DATA SECTION>
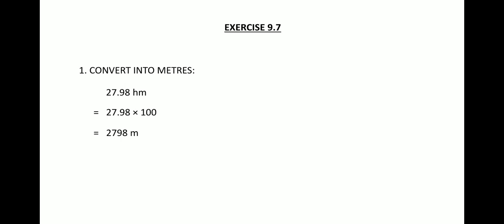Similarly, I am showing question number two, convert into grams. So this is an example that I have taken similar to the questions from the book. 5242 milligrams. Now in order to convert milligrams into grams...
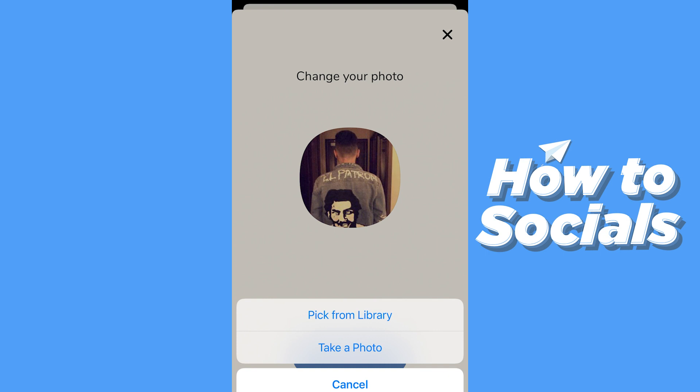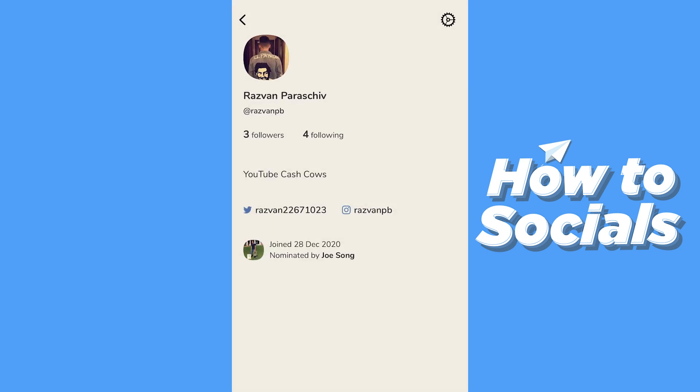From there you can pick from your library, take a photo, or choose whatever you want. I'm not going to pick from my library because it would show my private photos. But that's it for the tutorial — after you've selected your picture, just press Done and it automatically updates.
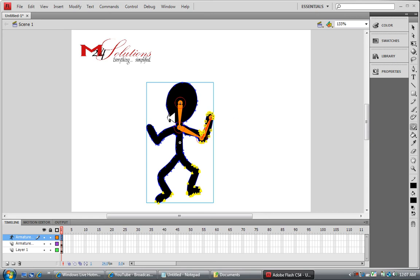Well, that was a basic quick tutorial of how Flash's new bone and bind tool works. If you have any questions, feel free to send me a message and I'll get back to you as soon as I can. Thank you.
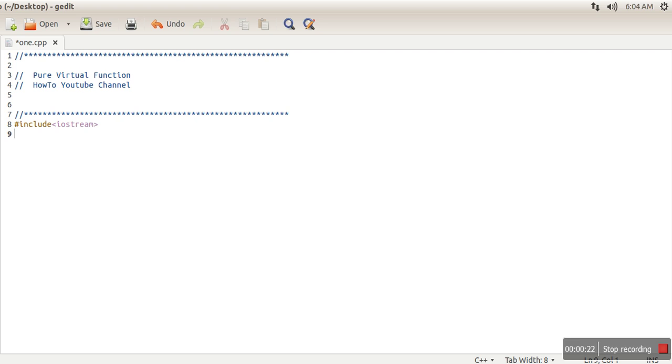So let's see what is pure virtual function and how it is used. First of all, we will write a simple class.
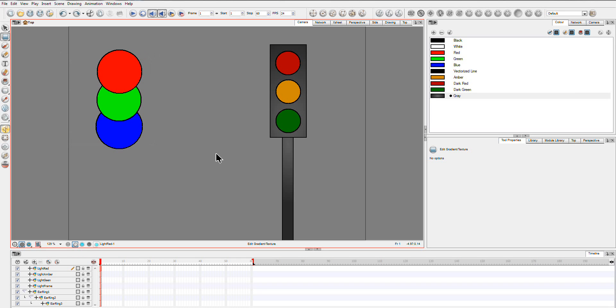James here. Today I'm going to look at an Animate Pro only tutorial, so sorry if anyone's just using the standard.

YOUR ASSIGNMENT> Exact text is required for the lines from the one with "Well, that was" through the last line of the entries, both included. Omit pictures.

ANSWER TO THIS EXERCISE>
Well, that was a basic quick tutorial of how Flash's new bone and bind tool works. If you have any questions, feel free to send me a message and I'll get back to you as soon as I can. Thank you.
So let's see what is pure virtual function and how it is used. First of all, we will write a simple class.
James here. Today I'm going to look at an Animate Pro only tutorial, so sorry if anyone's just using the standard.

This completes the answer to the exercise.